如果一列与值匹配，则从 dataframe 中删除行 - Python 3.6

Question

I have a csv that looks like this:

screen_name,tweet,following,followers,is_retweet,bot
narutouz16,Grad school is lonely.,59,20,0,0
narutouz16,RT @GetMadz: Sound design in this game is 10/10 game freak lied. ,59,20,1,0
narutouz16,@hbthen3rd I know I don't.,59,20,0,0
narutouz16,"@TonyKelly95 I'm still not satisfied in the ending, even though its longer.",59,20,0,0
narutouz16,I'm currently in second place in my leaderboards in duolongo.,59,20,0,0

I am able to read this into a dataframe using the following:

df = pd.read_csv("file.csv")

That works great. I get the following dimensions when I print(df.shape) (1223726, 6)

I have a list of usernames, like below:

bad_names = ['BELOZEROVNIKIT',  'ALTMANBELINDA',    '666STEVEROGERS',   'ALVA_MC_GHEE',     'CALIFRONIAREP',    'BECCYWILL',    'BOGDANOVAO2',  'ADELE_BROCK',  'ANN1EMCCONNELL',   'ARONHOLDEN8',  'BISHOLORINE',  'BLACKTIVISTSUS',   'ANGELITHSS',   'ANWARJAMIL22',     'BREMENBOTE',   'BEN_SAR_GENT',     'ASSUNCAOWALLAS',   'AHMADRADJAB',  'AN_N_GASTON',  'BLACK_ELEVATION',  'BERT_HENLEY',  'BLACKERTHEBERR5',  'ARTHCLAUDIA',  'ALBERTA_HAYNESS',  'ADRIANAMFTTT']

What I want to do is loop through the dataframe, and if the username is in this list at all, to remove those rows from df and add them to a new df called bad_names_df .

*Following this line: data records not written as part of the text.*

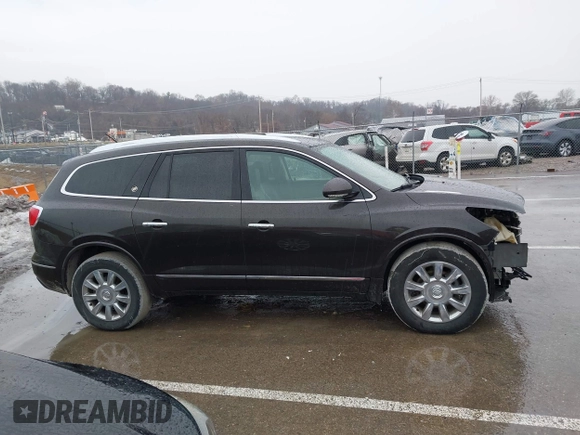 2014 Buick Enclave Leather with VIN 5GAKRBKD1EJ181493, listed as a IAAI auction lot 41458179 with 223,281 mi miles and . Bid and sale history available at DreamBid. Image 13.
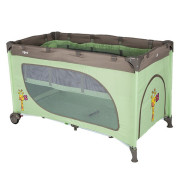 ZOPA Skládací postýlka Camping Green Giraffe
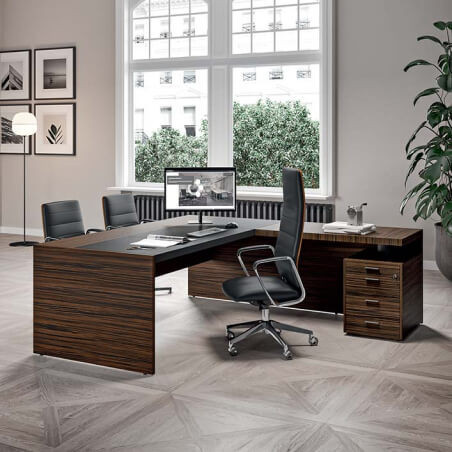Q9 Evo Executive Desk with Return | NuTrend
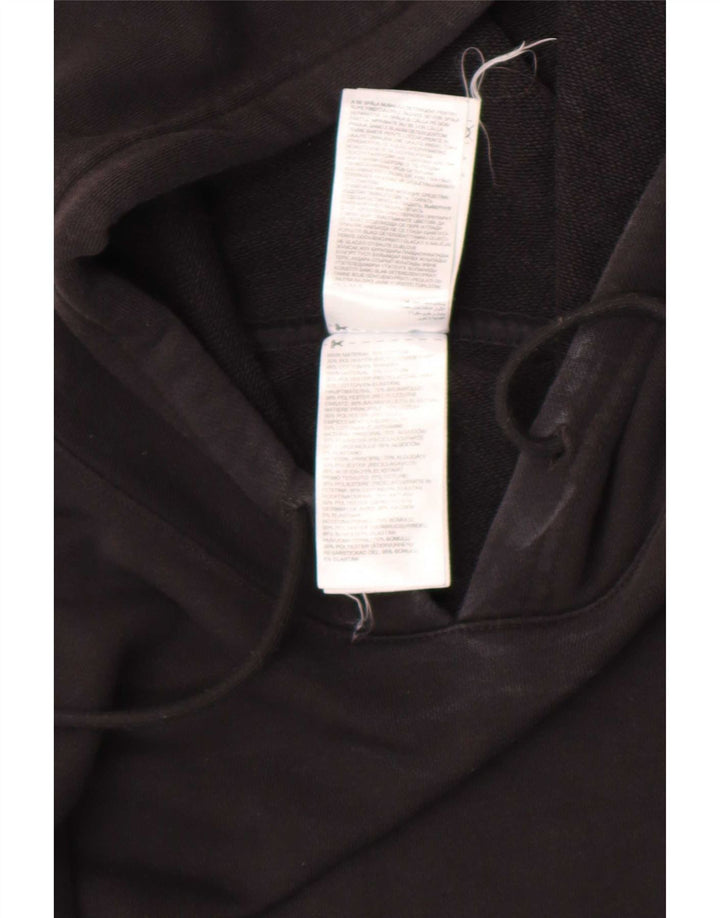 Reebok Herren Kapuzenpullover, groß, schwarze Baumwolle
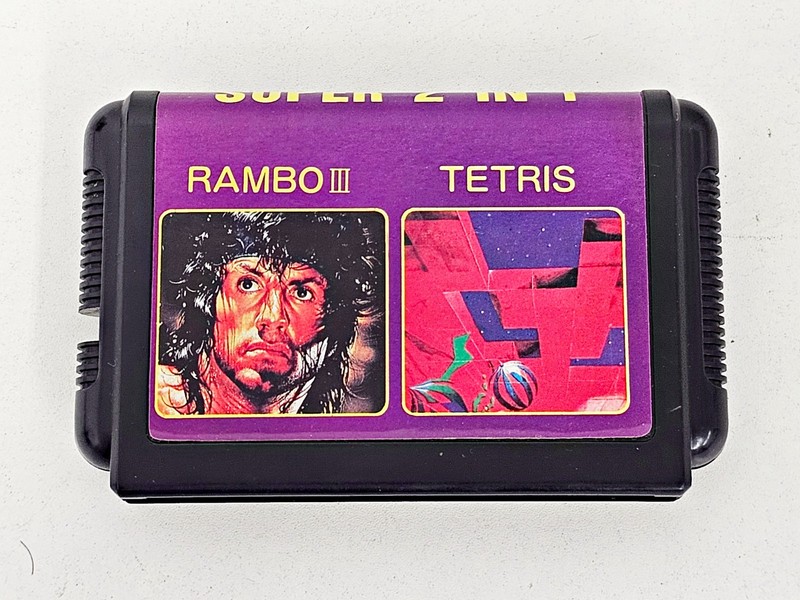 Sega Mega Drive Super 2 in 1 Rambo Tetris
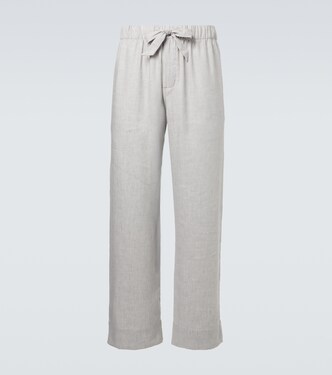 Luan linen and cotton-blend straight pants | Frescobol Carioca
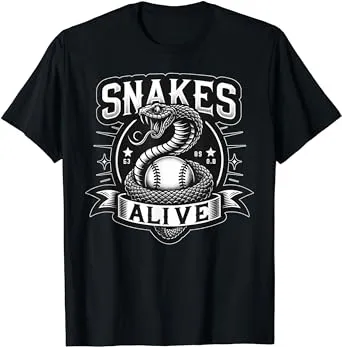 Snakes Alive Baseball T-Shirt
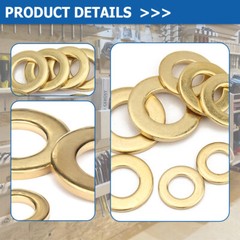 M2 M2.5 M3 M4 M5 M6 M8 M10 M12 M14 M16 M18 M20 M22 M24 Form A Flat Washers Brass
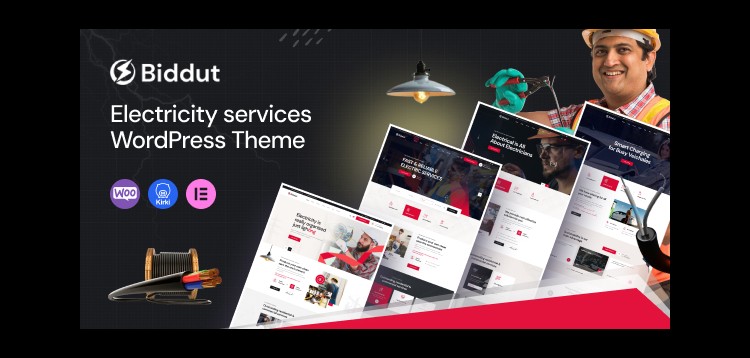 Item cover for download Biddut - Electricity Services WordPress Theme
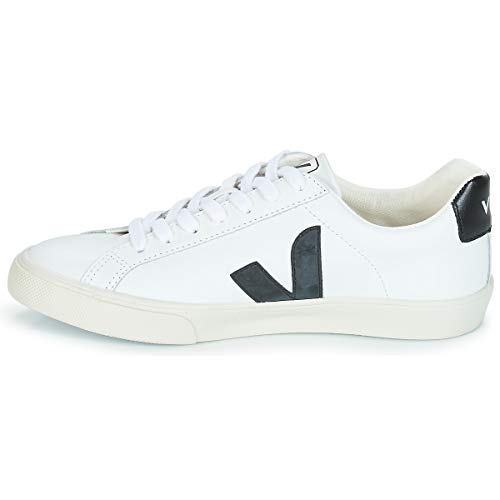 Veja Esplar Low Logo Zapatillas Moda Hombres Blanco/Negro - 43 - Zapatillas Bajas Shoes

Pseudocode would look like:

for each row in df:
    if row.username in bad_names:
        bad_names_df.append(row)
        df.remove(row)
    else:
        continue

My attempt:

for row, col in df.iterrows():
    if row['username'] in bad_user_names:
        new_df.append(row)
    else:
        continue

How is it possible to (efficiently) loop through df , with over 1.2M rows, and if the username is in the bad_names list, remove that row and add that row to a bad_names_df ? I have not found any other SO posts that address this issue.

Answer 1

You can apply a lambda then filter as follows:

df['keep'] = df['username'].apply(lambda x: False if x in bad_names else True)
df = df[df['keep']==True]

Answer 2

You can also create a mask using isin :

mask = df["screen_name"].isin(bad_names)
print (df[mask])  #df of bad names
print (df[~mask]) #df of good names

Answer 3

Using isin in one line:

bad_names_df = df[df['screen_name].isin(bad_names)]